How renters should prepare for home ownership

Source: OC Housing News

To prepare for home ownership, rent a property using 23% or less of your gross income. Save 8% of your gross income in a special down payment account you don’t raid for other lifestyle expenses or purchases. In less than two years, you will have the down payment to purchase a property comparable to your rental using FHA financing. With the discipline you gained from living within your means and saving for a down payment, you will succeed as a home owner and build equity through paying down a mortgage. You might even be rewarded by the appreciation fairies and complete a move-up once you have about 30% equity in your home and you can sell, cover the closing costs and still have 20% for a down payment on a nicer property.

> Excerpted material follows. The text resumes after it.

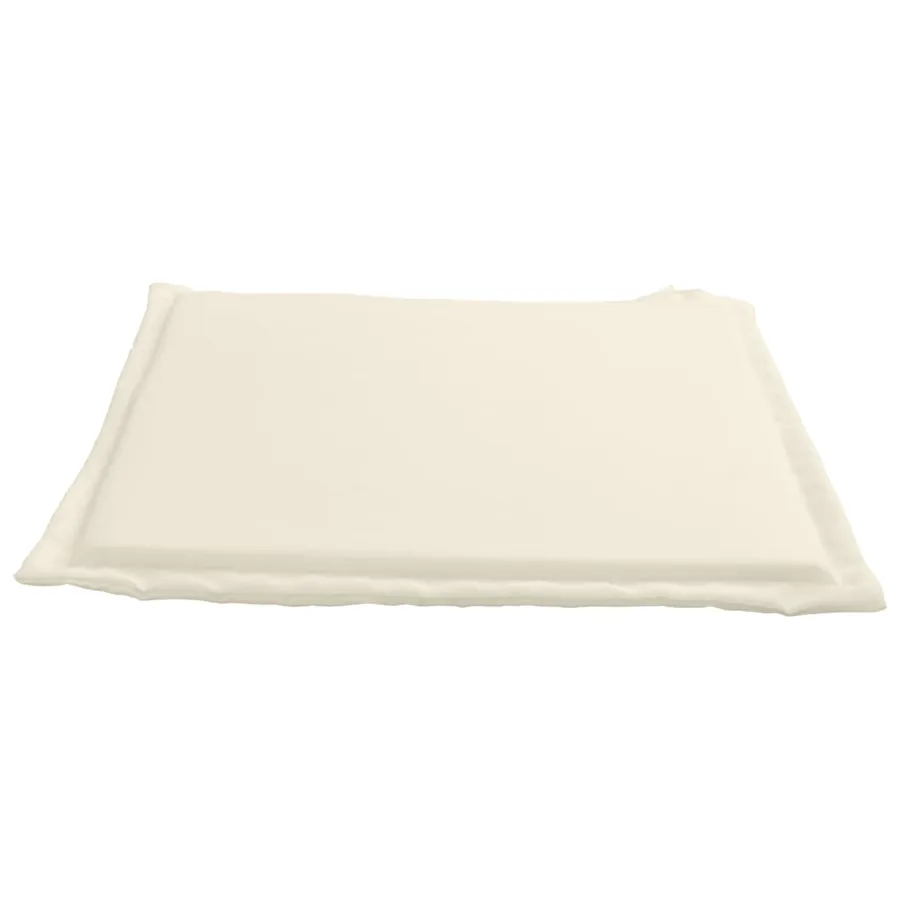Coussins de siège de jardin lot de 2 crème 45x45x2 cm carré - 5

PITI is short for principal, interest, taxes and insurance, but it also includes other known costs such as HOA dues and private mortgage insurance. When a lender calculates the maximum loan they will extend a borrower to buy a particular property, they start with the borrowers income and apply the maximum debt-to-income ratio, currently 31%. They take this number and divide it by 12 to come up with a maximum PITI. For example, let’s say a borrower making $100,000 per year wants to buy a home. The lender will allow them to put $31,000 per year ($100,000 x 0.31) or $2,583 per month to cover PITI.

Maximum loan balance

When lenders calculate your maximum allowable loan balance, they back out taxes (including Mello Roos), insurance, and HOA dues to calculate the remaining amount left over to cover the payment, which includes principal and interest. Generally, about 25% of PITI is consumed by taxes, insurance and other costs. Let’s assume $583 is consumed for these backed-out items. The remaining $2,000 is available to make a payment. From that, lenders use another formula that takes into account the interest rate to calculate the maximum loan balance.

If we stay with our example from above, a borrower making $100,000 per year making a $2,000 monthly payment can borrow $440,000 using 20% down conventional financing or $381,175 using FHA financing.

Rent and Savings

A renter making $100,000 a year should be paying about $1,900 in rent and saving about $700 per month toward a down payment. That translates to a 23% rent-to-income ratio.

From the above example, a $440,000 conventional loan balance leaves a $110,000 down payment to purchase a $550,000 house. At $700 per month, it will take 158 months to save the $142,052 for a down payment. Thirteen years is a very long time. That’s why so many people opt for FHA financing with 3.5% down. At $700 per month, it only takes 20 months, or just over a year and a half, to save the $13,825 required to cover the FHA down payment on a $395,000 property.

Did you notice the catch to using FHA financing? People who don’t have a 20% down payment have to settle for much less house on the same income. This is why the tradition of buying a starter home, waiting until it accrues 20% equity, then selling for a move-up is such a big part of our housing market.